Member of the Maryland House of Delegates from the 47B district
- In office October 30, 2015 – January 9, 2019
- Preceded by: Will Campos
- Succeeded by: Wanika B. Fisher

Personal details
- Born: April 1, 1982 (age 44) El Salvador
- Party: Democratic

= Carlo Sanchez =

American politician

Carlo Sanchez is an American politician who served as a Delegate to the Maryland General Assembly representing Maryland's 47th Legislative District in northwestern Prince George's County from 2015 to 2019.

== Personal life ==
Sanchez' parents moved to the United States from El Salvador, settling in Langley Park, Maryland, where Sanchez was born on April 1, 1982. He attended Takoma Academy, a Seventh-day Adventist school in Takoma Park, Maryland before earning an associate degree from Montgomery College and a bachelor's degree from the University of Maryland, College Park. He has worked as a public safety training officer for Montgomery College since 2000. He is an elder with the Washington Spanish Seventh-day Adventist Church, and his wife works as an operating room nurse.

== Political career ==
Sanchez began volunteering for future United States Senator Chris Van Hollen while still a student at Montgomery College during Van Hollen's 2002 campaign for Maryland's 8th Congressional District. After the conclusion of the campaign, Sanchez began to volunteer on other political campaigns. In 2010, he became involved in the Prince George's County Young Democrats, and by 2014 had been elected to the countywide Democratic Central Committee and as President of his neighborhood association. In 2015, following the resignation of Delegate Will Campos, Sanchez ran for the appointment to the open seat representing the heavily Hispanic District 47B. He was unopposed for the appointment and gained the support of District 47 Senator Victor R. Ramirez. He was sworn into the House of Delegates on October 30, 2015.

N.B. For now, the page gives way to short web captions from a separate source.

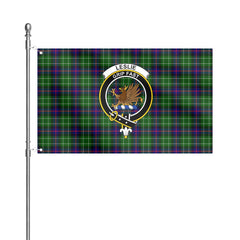 Leslie Hunting Tartan Crest House Flag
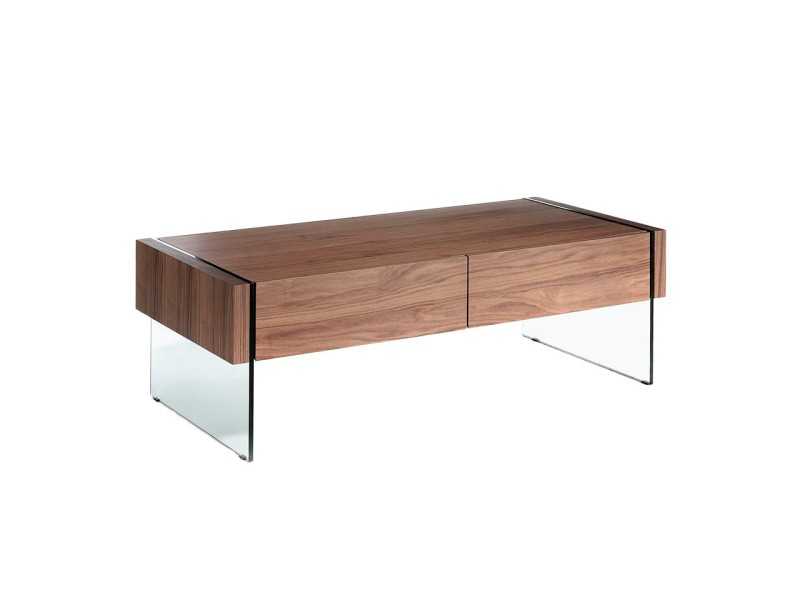 Coffee table in walnut wood and tempered glass - CORINTO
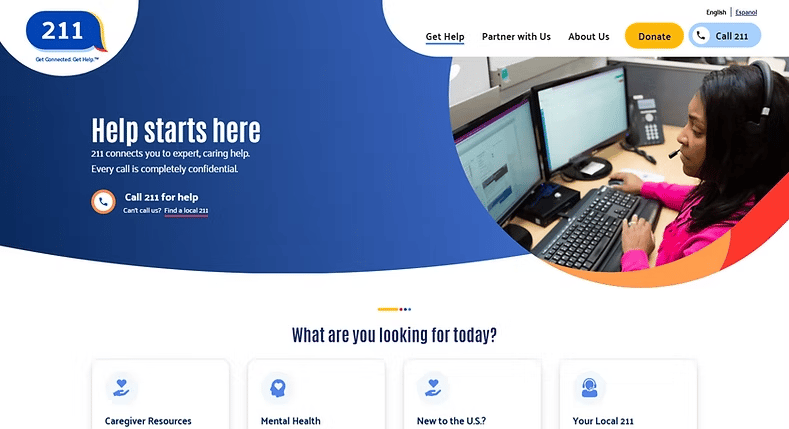 211 website screenshot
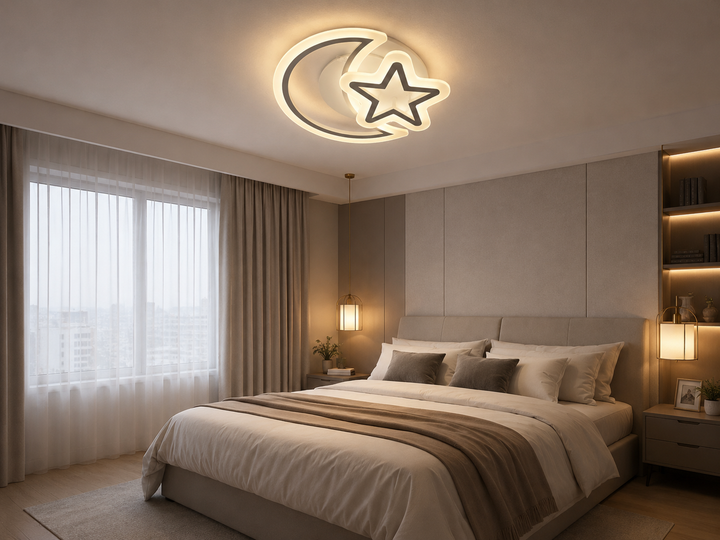 Lustra LED modernă lună & stea 74W, lumină reglabilă – 71391/2WH
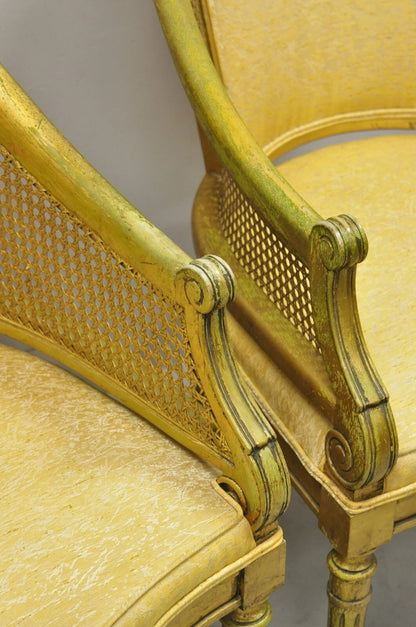 Vintage Italian Hollywood Regency Gold Gilt Barrel Back Cane Lounge Chairs, Pair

=== In the Legislature ===
Sanchez was appointed to serve as a member of the House Judiciary Committee, which oversees legislation affecting civil and criminal law, upon joining the House of Delegates. In 2017, he was elected Chair of the Maryland Legislative Latino Caucus.

Sanchez was defeated for election to his seat in the 2018 Democratic primary by Wanika B. Fisher, the eventual winner in the general election.

== Post-politics ==
In 2022, Sanchez was appointed to the Prince George's County Police Accountability Board.